Uno sabe que esta caravana no es la misma que aquella que bajó de la Sierra, enrumbó por el llano, cruzó por Ciego de Ávila un 5 de enero de 1959, y llegó a la capital de todos los cubanos; 65 años más tarde no pueden ser los mismos hombres de esa vez, con el cabello más allá de los hombros y la barba sobre el pecho.
Si algo tiene de perdurable, es que las ideas de libertad continuaron para que un país se convirtiera en otro, fruto de una Revolución mágica que triunfó seis décadas luego del Grito de Baire que, tras la entrada directa de Estados Unidos en el conflicto, finalizó el 12 de agosto de 1898 con la derrota española.
La primera Caravana de la Libertad llegó y, poco tiempo después, los cuarteles se convirtieron en centros de enseñanza; cambiaron aquellas escuálidas imágenes de escuelitas desvencijadas, con niños sin uniformes escolares, sin pupitres y sentados en el suelo, sobre piedras o bancos improvisados.

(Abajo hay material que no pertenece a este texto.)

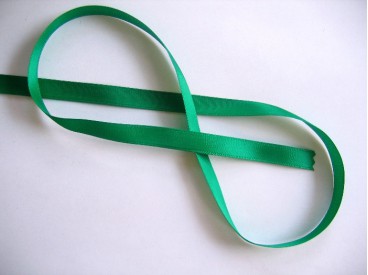 Grasgroen satijnlint dubbelzijdig van 10 mm. breed.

Los rebeldes habían triunfado, a costa de mucho sacrificio y aquellos hijos, hijos de los hijos crecieron sucesivamente, hasta perpetuar los instantes que han consolidado un sistema con voz propia y de fuego cruzado contra quienes todavía se empeñan en secuestrar la libertad de una nación que se rehace y no deja de levantarse, a solo 90 millas del imperio.
Y por eso Cuba es un país prohibido, no por sus defectos –que también los hay–, sino por ser ejemplo de dignidad, porque es una isla pequeña que ha sobrevivido a más de una decena de presidentes estadounidenses durante su gesta revolucionaria.
Cuba sería el Primer Territorio Libre de América, prefigura el futuro del continente; sería el «laboratorio» en el que sigue construyéndose la sociedad y el hombre nuevos.
Reeditar el avance glorioso de la Caravana de 1959 es como volver a auscultar la nación de punta a punta. No son los mismos hombres, pero sus ideas cabalgan de generaciones en generaciones, las mismas que sustentan a la Patria agradecida.